Contributing to reach the European Green Deal objectives and the Europe 2050’s goals, the SEANERGY Project aims to provide a solution for exploiting the untapped potential of EU-ports energy’s system by implementing the SEANERGY Master Plan which assesses stakeholders to execute the necessary activities towards transforming ports, regardless of their geographical context, into active members of the clean energy and fuel generation grid of EEZ. Activities such as training, reskilling, awareness spreading and communication channels creation, will set the basis of the green port transitioning, creating spaces of dialogue and teaching among all agents of the industry (private and public), which will, in turn, boost the development and integration of these technologies, along with prepared professionals that will be able to manage and implement them promptly, securely and efficiently. The SEANERGY project will be developed in 3 stages: (1) understanding of actors and port E&F systems and identifying limitations; (2) developing the Master Plan and Handbook, which will serve as a training manual for stakeholders, as well as implementing the Industry-Academy programme to train future professionals in clean energy technologies and fuels and how to apply the knowledge in ports; (3) expanding the scope of the Master Plan beyond Europe.
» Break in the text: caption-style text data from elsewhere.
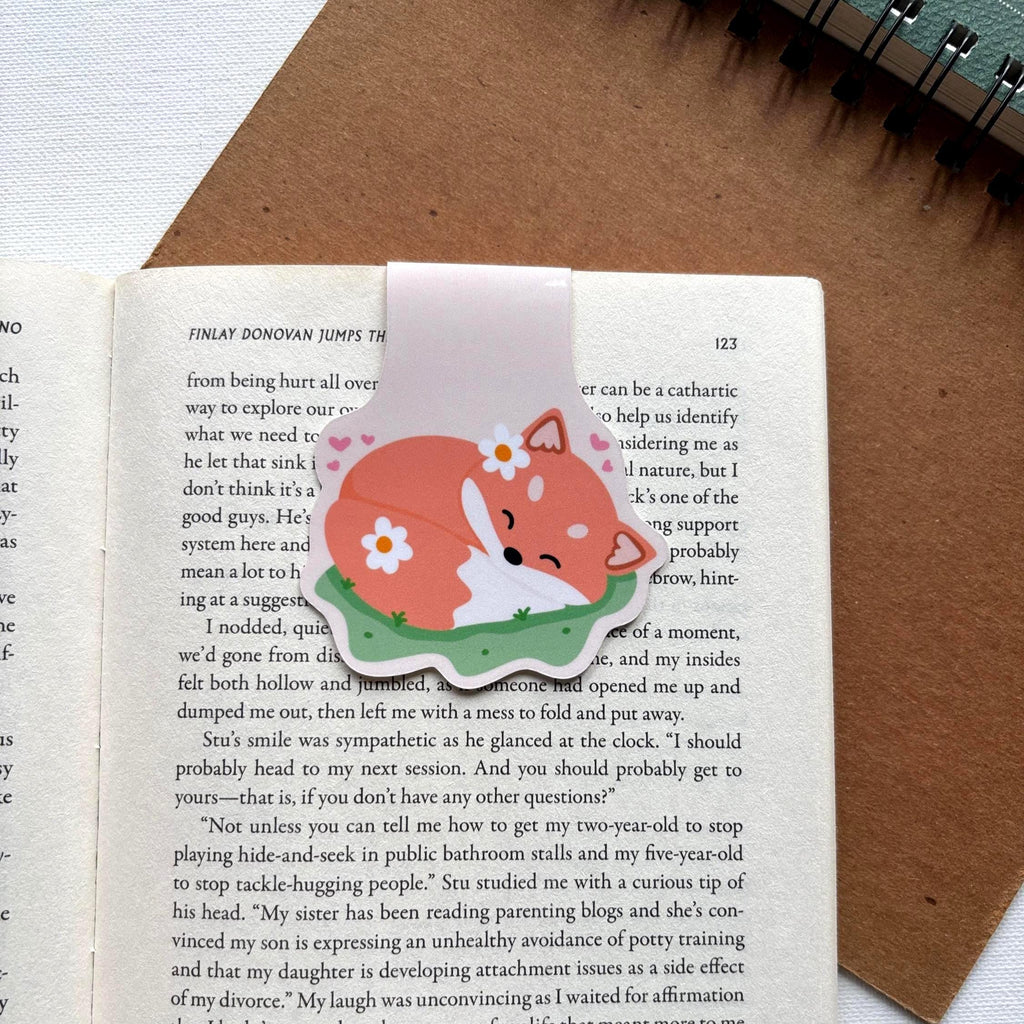 Sleepy Fox Magnetic Bookmark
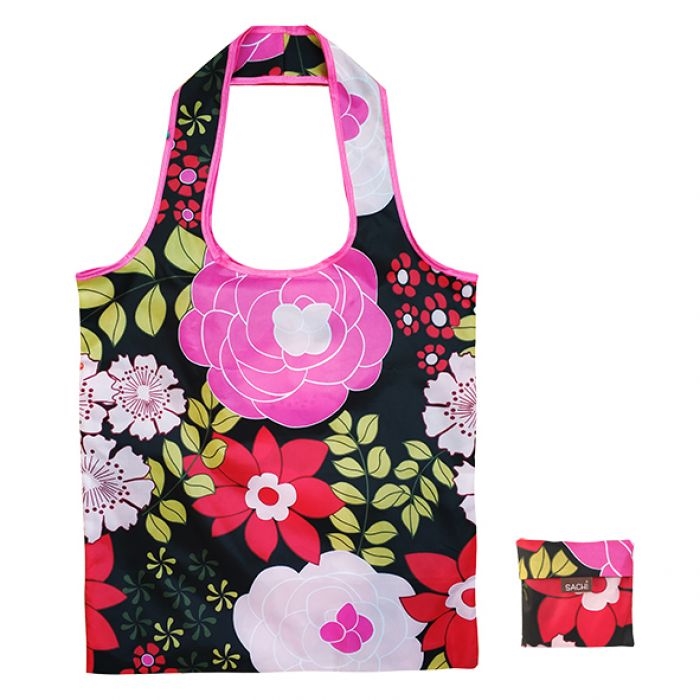 Sachi Fold Up Eco Reusable Shopping Bag - Floral Blooms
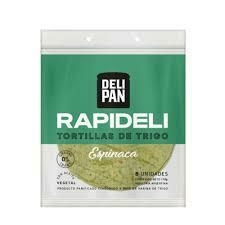 rapideli tortillas de maiz (espinaca) 125grs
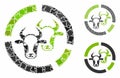 Livestock diagram Mosaic Icon of Unequal Elements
The extent of shipping decarbonization and reduction of air pollutant emissions remains limited, despite the rapid development of greening technologies. This is particularly valid for existing inland vessels and coastal ships. A large scale retrofit of the fleet would accelerate the greening transformation. However, there is a wide variety of ship types with different power demands and different required volume of energy carriers. Alternative fuels require more space on board and/or more frequent bunkering. The bunkering infrastructure for such fuels is scarce, and their future price levels are uncertain. Most measures are associated with considerable investments. In addition, the existing regulatory framework still does not provide an adequate support. The question arises: which retrofit solution would be the most adequate for a ship of certain dimensions, type, and operational profile? To answer this question, the project SYNERGETICS (Synergies for Green Transformation of Inland and Coastal Shipping) will: - create synergies between the leading research institutions in ship hydrodynamics and energy transition, innovation centres and shipbuilding industry, regulatory bodies, ship owners, and technology providers with the goal to provide a catalogue of retrofit solutions which will accelerate the green transformation of inland vessels and coastal ships. - demonstrate the greening capacities of retrofit by implementing hydrogen and methanol combustion in internal combustion engines on selected existing ships in real life operational conditions; - address the greening potential of hydrodynamics improvements, by demonstrating the effectiveness of the aft-ship replacement which comprises the optimized shape of the aft part of the hull, duct, propeller, and rudder design, and implementation of exhaust gas after-treatment and hybrid propulsion systems; - contribute to electrification of fleets by further developing swappable battery container services and a system for power management of ships with hybrid propulsion.